How Supercomputers Are Helping Save Endangered Species
Ecologists get a leg-up from Big Data.
Habitat models produced with the help of a supercomputer. Image: PLOS One
It's always exciting when ecological conservation gets a techie boost, and that's exactly what is happening at the San Diego Supercomputer Center (SDSC). The SDSC has partnered with the US Geological Survey and the San Diego Zoo to track the range of three endangered species in 3D using the center's supercomputers. The team published their results in PLOS One this month.
The result is a dramatically improved method for tracking threatened wildlife. One immediate benefit of using such a powerful setup is the reduced processing time. “We were able to speed up their software by several orders of magnitude,” said Robert Sinkovits, director of SDSC’s Scientific Applications Group, in a release. “In this case, calculations that had formerly taken four days to complete were finished in less than half an hour.”
But beyond the quick turnaround, the partnership's 3D models provide researchers with a much more detailed picture of the migratory patterns of terrestrial, avian, and aquatic animals. The team selected three species representing land (giant pandas), air (California condors), and ocean terrain (dugongs, a close relative of the manatee) to track with with movement-based kernel density estimators (MKDEs), which collectively are one method of modeling how species move throughout habitats, which provides crucial data for conservation efforts.

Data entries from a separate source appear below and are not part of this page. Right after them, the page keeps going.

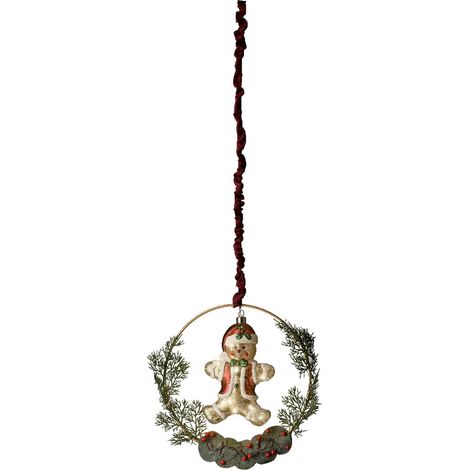 Pendaglio decorazione per albero di natale con babbo natale e omino di pan di zenzero -Omino di pan di zenzero (1/2)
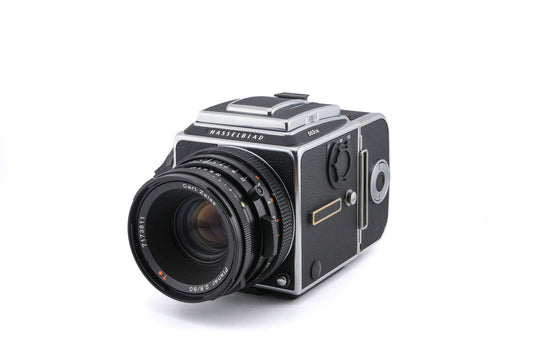 Hasselblad 503CW (Silver, 10243) + Waist Level Finder (New / Chrome, 42315) + A12N Film Magazine + Acute Matte D Standard Focusing Screen (42204) + 80mm f2.8 Planar T* CF (20029)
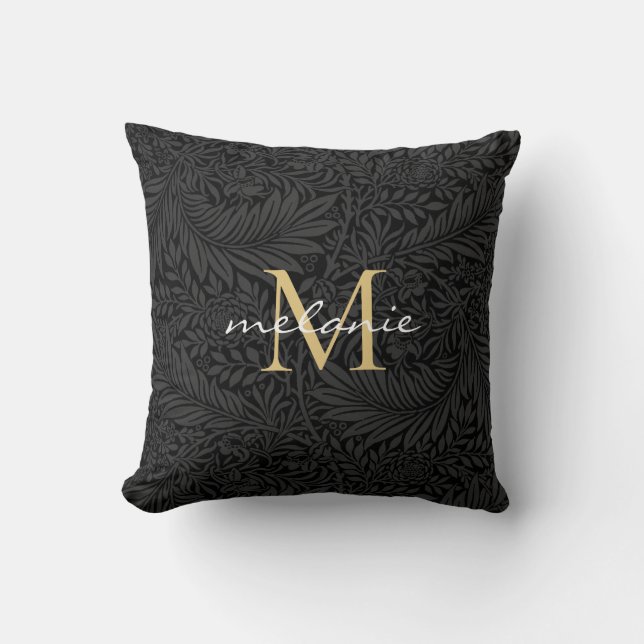 Elegant Black Gold Floral Script Monogram Kussen (Voorkant)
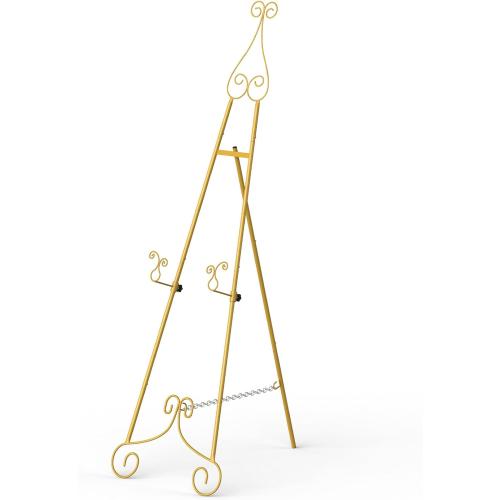 HAITRAL Gold Easel Stand for Sign,Adjustable Display Easel Stand with Chain Support,Heavy Duty Metal Easel for Wedding Sign,Art,Pictures,Paintings, 55 H Welcome Poster Stand Sign Holder Floor Décor
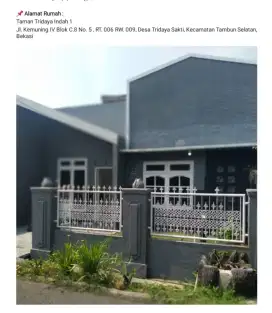 Di Jual Rumah Tinggal Aman, Nyaman, Bersih dan Bebas Banjir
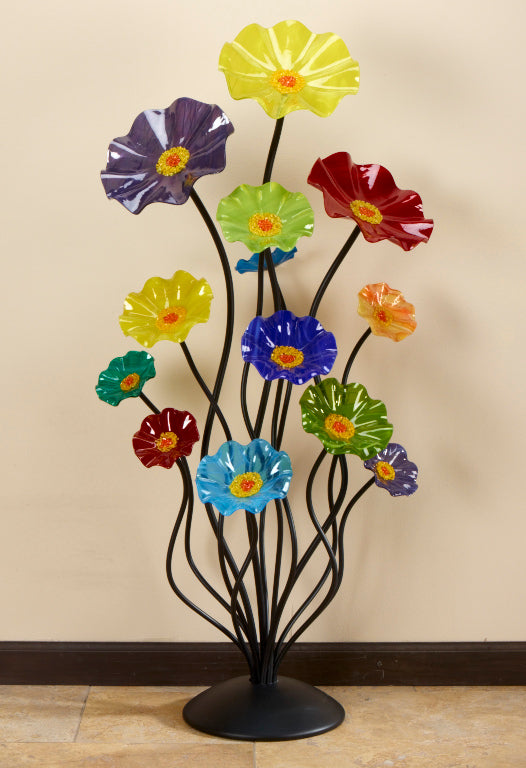 Floor Standing Cluster - Glass Flowers by Scott Johnson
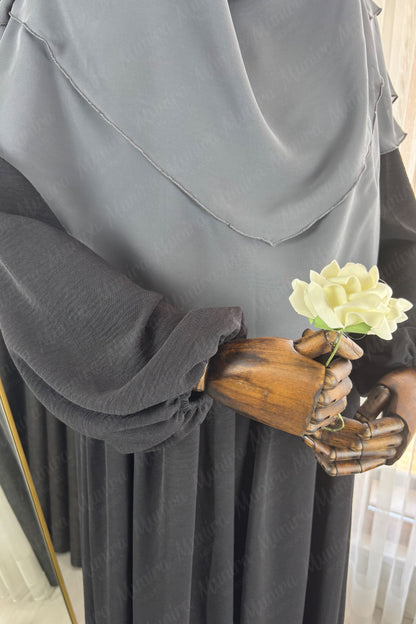 Siyah Ayrobin Elbise Füme Sufle Tesettür Hijab Takımı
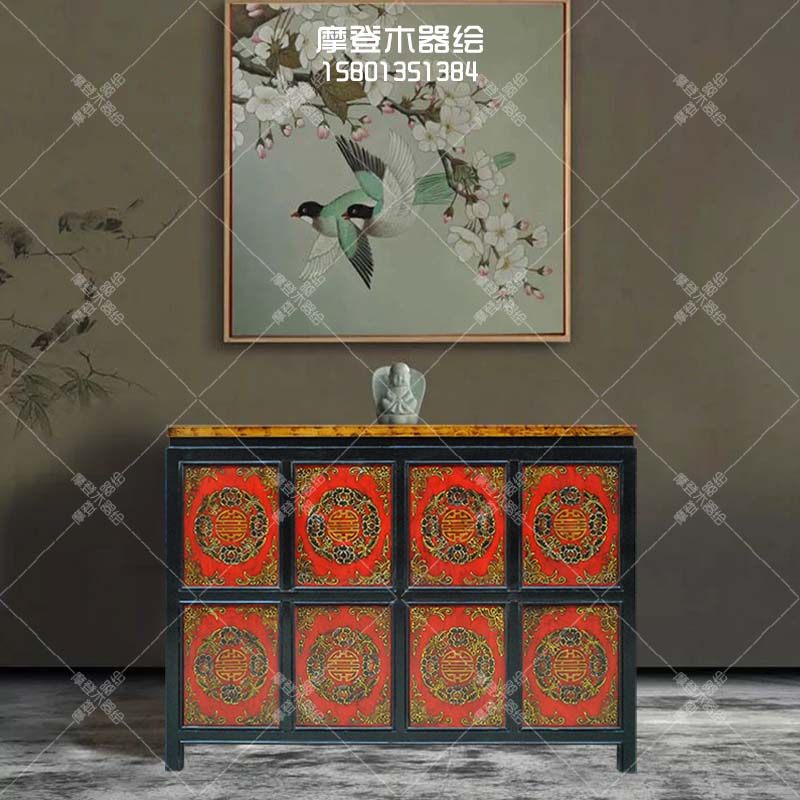 藏式彩绘电视柜鞋柜供桌储藏柜玄关柜客厅装饰柜仿古中式实木家具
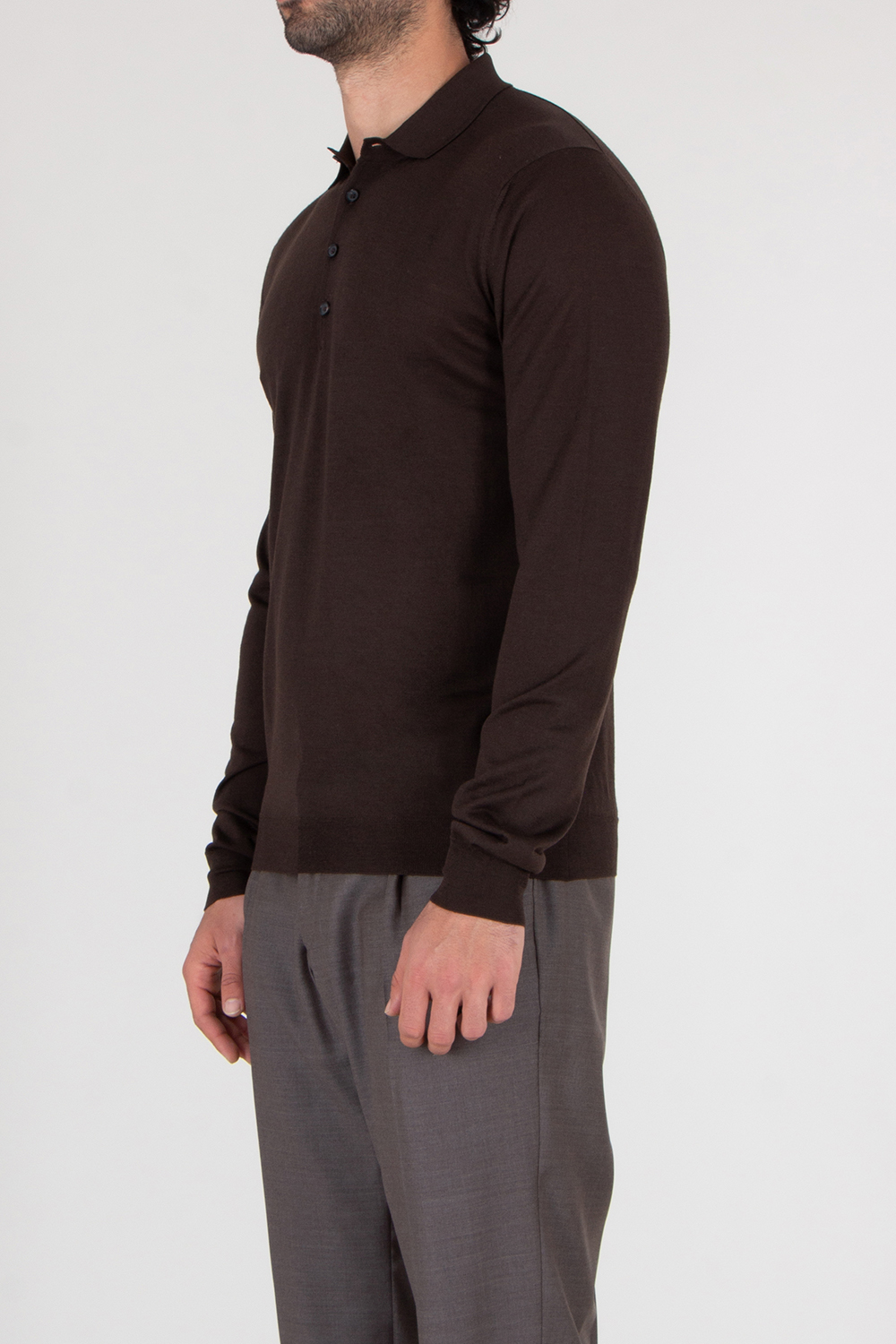 AIDA BARNI Regular Fit Knitted Wool Long Sleeve Polo Shirt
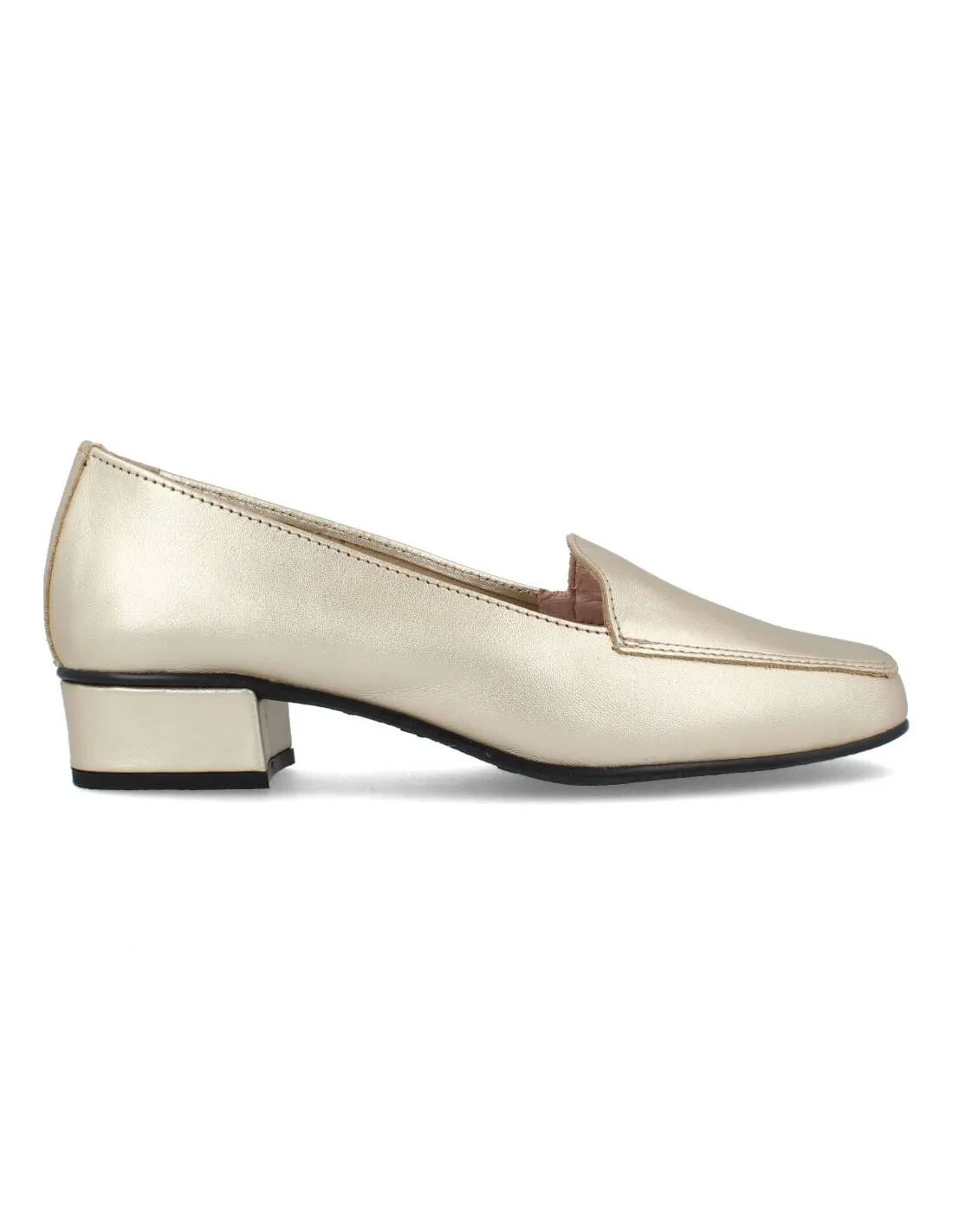 DCHICAS  MOCASíN TACóN LUX ORO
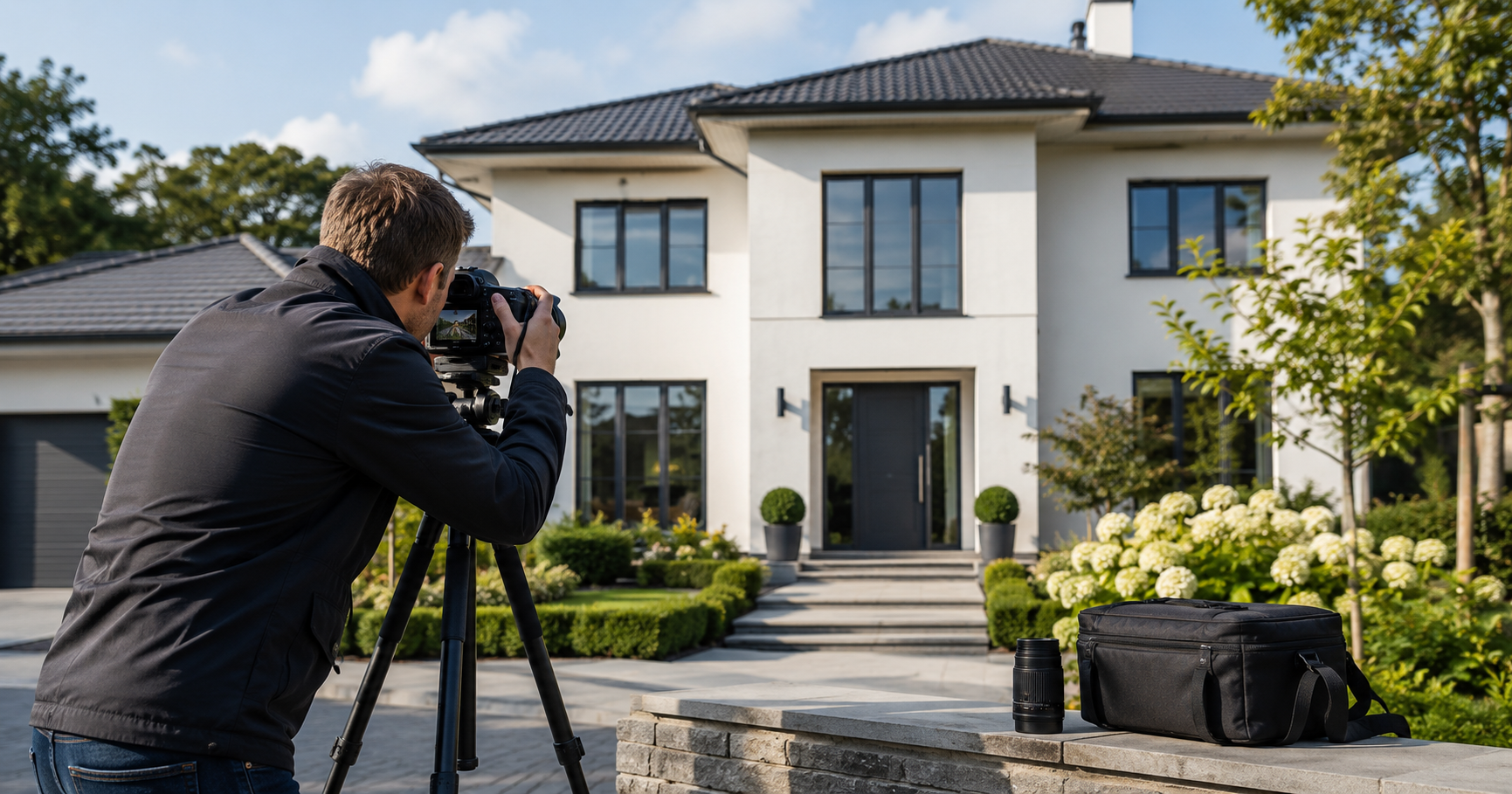 Ein Immobilienfotograf fotografiert ein großes, weiß angestrichenes Haus.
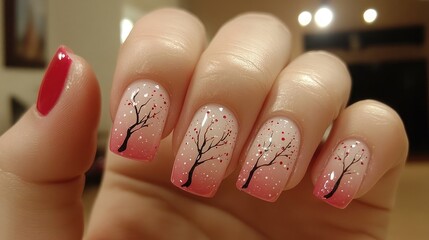Nail art design with a pink gradient and a delicate cherry blossom tree silhouette on the nails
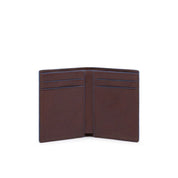 Piquadro Blue Square Brown Men's Card Holder Banknotes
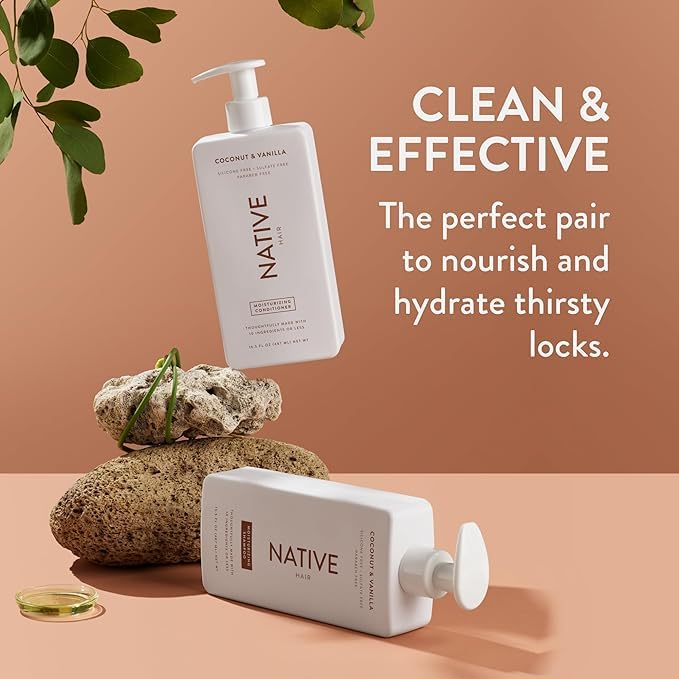 Native Coconut & Vanilla Shampoo and Conditioner Contain Naturally Derived Ingredients | All Hair Types, Color & Treated, Fine to Dry Damaged, Sulfate & Dye Free - 2-Pack-Velvo Beauty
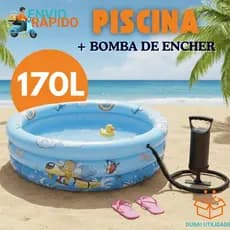 Piscina Infantil 170 Litros Inflável Menino  + Bomba De Encher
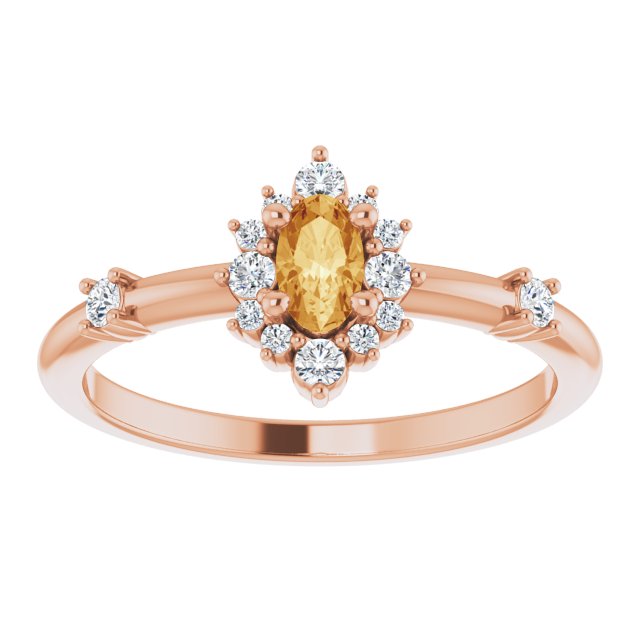 Oval Natural Citrine & 1/6 CTW Natural Diamond Halo-Style Ring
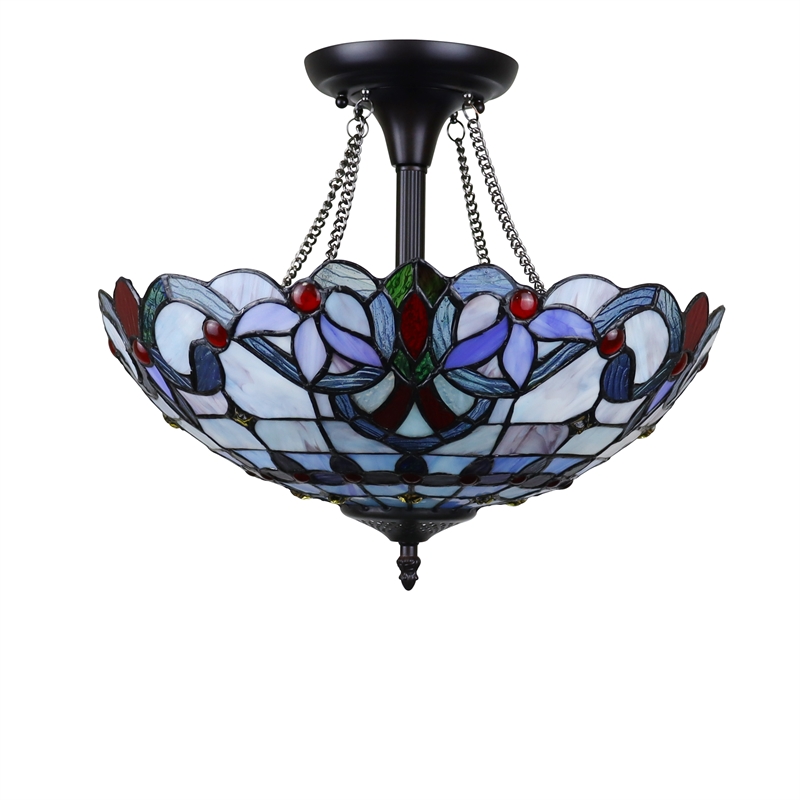 Chloe Lighting Grenville Victorian 2-Light Glass Semi Flush Light in Multi-Color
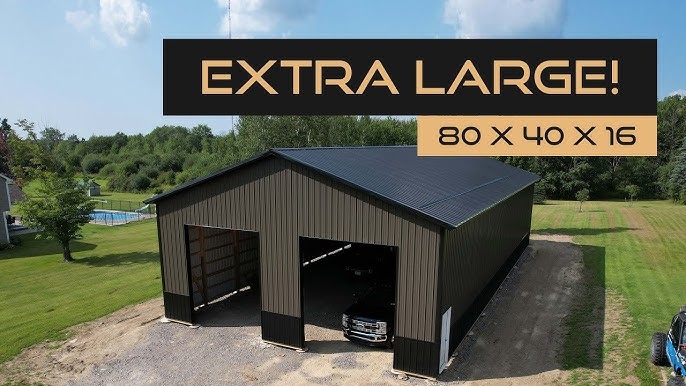 Pole Barn Eighty Foot Length Black Wainscoting 80x40 Metal Building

This figure from the paper shows how the team builds range and habitat models in three dimensions. Image: PLOS One
“Someone read a draft of our paper and said, wow, this list reads like ‘The Justice League’ of endangered species,” wrote lead author and computational ecologist Jeff Tracey in a USGS blog post. “They’re definitely all very charismatic species of conservation concern. I suppose the California condor would be Superman and the dugong would be Aquaman, but I wonder who the giant panda would be.”
Maybe some kind of anti-Flash? Regardless, instead of vigilante-style masks and capes, individuals from each species sported collars with MKDEs and GPS units. These instruments recorded the animals' movements in vertical space as well as depth and width. The team put one of their 3D maps, which represents the movements of a breeding pair of condors, onto YouTube, and the video is worth watching on its aesthetic merits alone.
Supercomputer map. Video: YouTube/SDSC.
Of course, there are also many practical applications for the maps. “If you wanted to find out where condor home ranges intersect with planned turbine sites using traditional 2D analysis, you just stack the two maps and pick out areas that overlap,” said co-author James Sheppard of the San Diego Zoo in the USGS post.
“But both condors and turbines occupy 3D space: condors fly at certain altitudes, while turbines protrude into the airspace to a certain height and volume," he continued. "A simple 2D analysis can’t take this into account, and might inaccurately estimate the risk of bird-turbine conflicts, depending on the geography at hand.”
The same logic applies to the vertical movements of dugongs, pandas, and whatever other species get hooked up with MKDEs. Accordingly, the same preventative measures can be taken by industries and activities that encroach on their habitat. It's a fascinating result, and should the technology get deployed further, data-driven conservation could have a big impact.